**Records provided**
****************************************

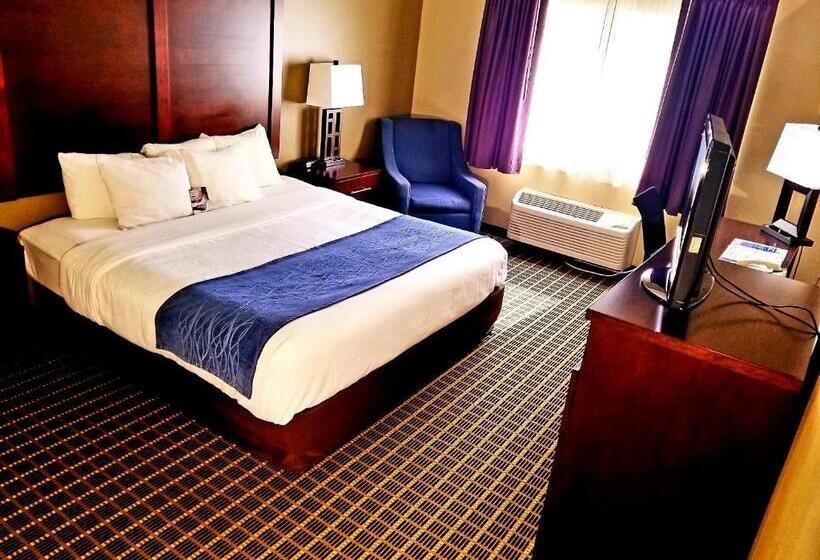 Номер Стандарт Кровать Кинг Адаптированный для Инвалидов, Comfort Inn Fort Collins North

****************************************

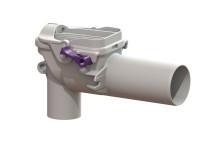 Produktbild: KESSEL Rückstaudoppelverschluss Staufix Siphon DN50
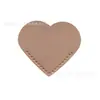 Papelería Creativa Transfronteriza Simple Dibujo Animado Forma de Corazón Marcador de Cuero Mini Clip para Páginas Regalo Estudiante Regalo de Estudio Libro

****************************************

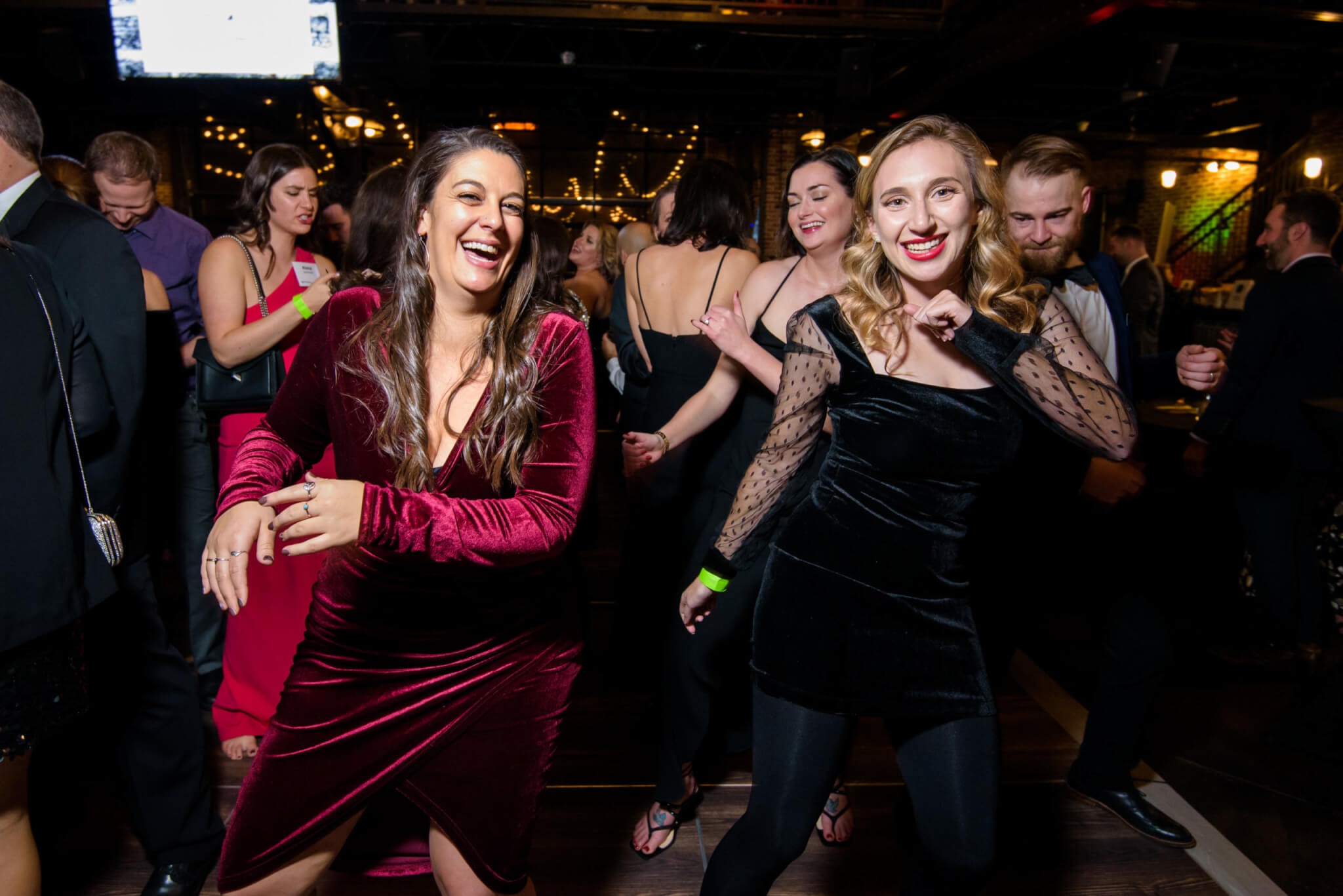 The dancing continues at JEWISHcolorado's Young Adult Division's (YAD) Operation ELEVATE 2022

****************************************

**Problem to solve**
Exactly the lines above, from the one containing "Produktbild: KESSEL Rückstaudoppelverschluss" down to the one containing "Papelería Creativa Transfronteriza", are to be repeated, including both ends. Pictures are not part of the copy.

**Solution for this exercise**
 Produktbild: KESSEL Rückstaudoppelverschluss Staufix Siphon DN50
 Papelería Creativa Transfronteriza Simple Dibujo Animado Forma de Corazón Marcador de Cuero Mini Clip para Páginas Regalo Estudiante Regalo de Estudio Libro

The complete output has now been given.